Aim of the task: What you return must be the complete listing, unchanged.

*** Opening of Given data ***

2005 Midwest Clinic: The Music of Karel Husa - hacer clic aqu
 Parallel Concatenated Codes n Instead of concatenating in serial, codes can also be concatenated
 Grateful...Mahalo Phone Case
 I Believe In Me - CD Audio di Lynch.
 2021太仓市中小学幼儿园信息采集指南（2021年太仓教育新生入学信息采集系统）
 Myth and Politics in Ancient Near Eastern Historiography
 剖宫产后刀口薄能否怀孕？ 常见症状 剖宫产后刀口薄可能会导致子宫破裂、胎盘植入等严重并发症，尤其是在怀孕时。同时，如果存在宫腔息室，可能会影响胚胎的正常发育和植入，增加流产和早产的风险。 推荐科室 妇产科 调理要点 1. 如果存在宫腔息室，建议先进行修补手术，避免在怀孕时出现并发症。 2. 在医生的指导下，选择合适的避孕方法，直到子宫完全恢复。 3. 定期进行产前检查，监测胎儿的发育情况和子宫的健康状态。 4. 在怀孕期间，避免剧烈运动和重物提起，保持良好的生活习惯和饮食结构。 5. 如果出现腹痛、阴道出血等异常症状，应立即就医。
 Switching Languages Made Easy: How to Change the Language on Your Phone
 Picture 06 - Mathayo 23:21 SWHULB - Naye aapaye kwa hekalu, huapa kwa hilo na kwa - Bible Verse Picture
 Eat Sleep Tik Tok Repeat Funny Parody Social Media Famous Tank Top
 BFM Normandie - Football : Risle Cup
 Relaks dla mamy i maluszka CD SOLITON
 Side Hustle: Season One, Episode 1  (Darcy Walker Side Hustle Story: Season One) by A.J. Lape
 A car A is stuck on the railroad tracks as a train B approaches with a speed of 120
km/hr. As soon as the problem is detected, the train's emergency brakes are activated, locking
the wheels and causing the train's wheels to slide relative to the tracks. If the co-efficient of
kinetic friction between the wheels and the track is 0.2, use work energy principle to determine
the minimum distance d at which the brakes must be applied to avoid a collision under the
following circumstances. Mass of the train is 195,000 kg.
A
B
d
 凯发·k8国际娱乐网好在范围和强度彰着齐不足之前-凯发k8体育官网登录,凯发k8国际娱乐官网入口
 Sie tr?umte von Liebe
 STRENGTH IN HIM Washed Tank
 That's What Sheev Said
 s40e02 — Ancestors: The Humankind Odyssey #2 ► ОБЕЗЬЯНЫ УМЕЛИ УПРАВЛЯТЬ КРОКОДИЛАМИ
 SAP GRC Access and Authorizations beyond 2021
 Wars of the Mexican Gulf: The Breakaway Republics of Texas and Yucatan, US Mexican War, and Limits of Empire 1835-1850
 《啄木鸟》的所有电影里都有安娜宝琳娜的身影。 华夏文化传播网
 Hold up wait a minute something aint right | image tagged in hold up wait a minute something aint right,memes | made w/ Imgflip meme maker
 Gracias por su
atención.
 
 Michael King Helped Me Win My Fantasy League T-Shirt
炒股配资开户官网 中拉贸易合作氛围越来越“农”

*** Close of Given data ***

Output of the task:
2005 Midwest Clinic: The Music of Karel Husa - hacer clic aqu
 Parallel Concatenated Codes n Instead of concatenating in serial, codes can also be concatenated
 Grateful...Mahalo Phone Case
 I Believe In Me - CD Audio di Lynch.
 2021太仓市中小学幼儿园信息采集指南（2021年太仓教育新生入学信息采集系统）
 Myth and Politics in Ancient Near Eastern Historiography
 剖宫产后刀口薄能否怀孕？ 常见症状 剖宫产后刀口薄可能会导致子宫破裂、胎盘植入等严重并发症，尤其是在怀孕时。同时，如果存在宫腔息室，可能会影响胚胎的正常发育和植入，增加流产和早产的风险。 推荐科室 妇产科 调理要点 1. 如果存在宫腔息室，建议先进行修补手术，避免在怀孕时出现并发症。 2. 在医生的指导下，选择合适的避孕方法，直到子宫完全恢复。 3. 定期进行产前检查，监测胎儿的发育情况和子宫的健康状态。 4. 在怀孕期间，避免剧烈运动和重物提起，保持良好的生活习惯和饮食结构。 5. 如果出现腹痛、阴道出血等异常症状，应立即就医。
 Switching Languages Made Easy: How to Change the Language on Your Phone
 Picture 06 - Mathayo 23:21 SWHULB - Naye aapaye kwa hekalu, huapa kwa hilo na kwa - Bible Verse Picture
 Eat Sleep Tik Tok Repeat Funny Parody Social Media Famous Tank Top
 BFM Normandie - Football : Risle Cup
 Relaks dla mamy i maluszka CD SOLITON
 Side Hustle: Season One, Episode 1  (Darcy Walker Side Hustle Story: Season One) by A.J. Lape
 A car A is stuck on the railroad tracks as a train B approaches with a speed of 120
km/hr. As soon as the problem is detected, the train's emergency brakes are activated, locking
the wheels and causing the train's wheels to slide relative to the tracks. If the co-efficient of
kinetic friction between the wheels and the track is 0.2, use work energy principle to determine
the minimum distance d at which the brakes must be applied to avoid a collision under the
following circumstances. Mass of the train is 195,000 kg.
A
B
d
 凯发·k8国际娱乐网好在范围和强度彰着齐不足之前-凯发k8体育官网登录,凯发k8国际娱乐官网入口
 Sie tr?umte von Liebe
 STRENGTH IN HIM Washed Tank
 That's What Sheev Said
 s40e02 — Ancestors: The Humankind Odyssey #2 ► ОБЕЗЬЯНЫ УМЕЛИ УПРАВЛЯТЬ КРОКОДИЛАМИ
 SAP GRC Access and Authorizations beyond 2021
 Wars of the Mexican Gulf: The Breakaway Republics of Texas and Yucatan, US Mexican War, and Limits of Empire 1835-1850
 《啄木鸟》的所有电影里都有安娜宝琳娜的身影。 华夏文化传播网
 Hold up wait a minute something aint right | image tagged in hold up wait a minute something aint right,memes | made w/ Imgflip meme maker
 Gracias por su
atención.
 
 Michael King Helped Me Win My Fantasy League T-Shirt
炒股配资开户官网 中拉贸易合作氛围越来越“农”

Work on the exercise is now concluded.